**About this task**
Could you return every record below exactly as it stands, leaving out the pictures?

**Dataset records**
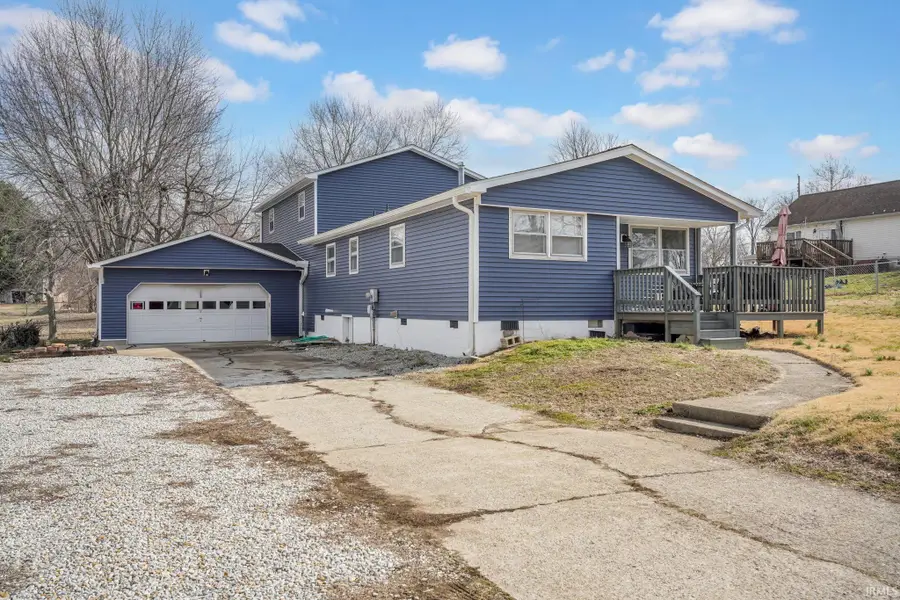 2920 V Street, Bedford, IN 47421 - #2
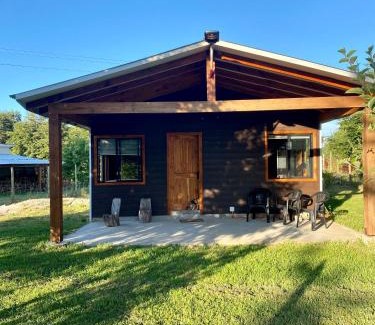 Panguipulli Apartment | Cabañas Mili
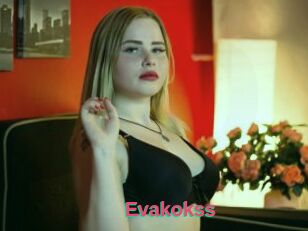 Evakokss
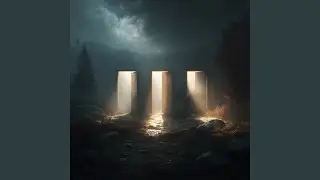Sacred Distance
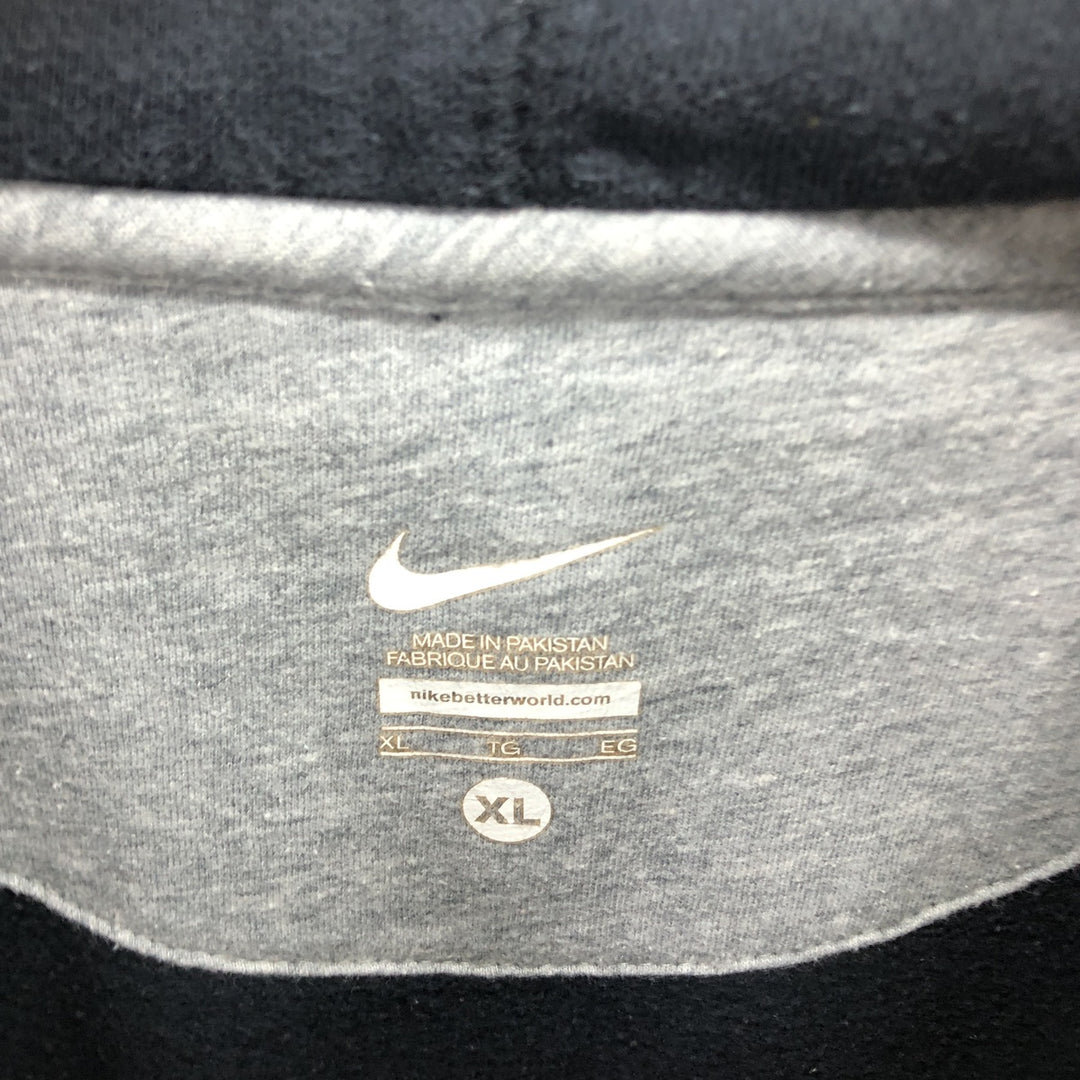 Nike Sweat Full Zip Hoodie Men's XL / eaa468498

**Exercise output**
 2920 V Street, Bedford, IN 47421 - #2
 Panguipulli Apartment | Cabañas Mili
 Evakokss
Sacred Distance
 Nike Sweat Full Zip Hoodie Men's XL / eaa468498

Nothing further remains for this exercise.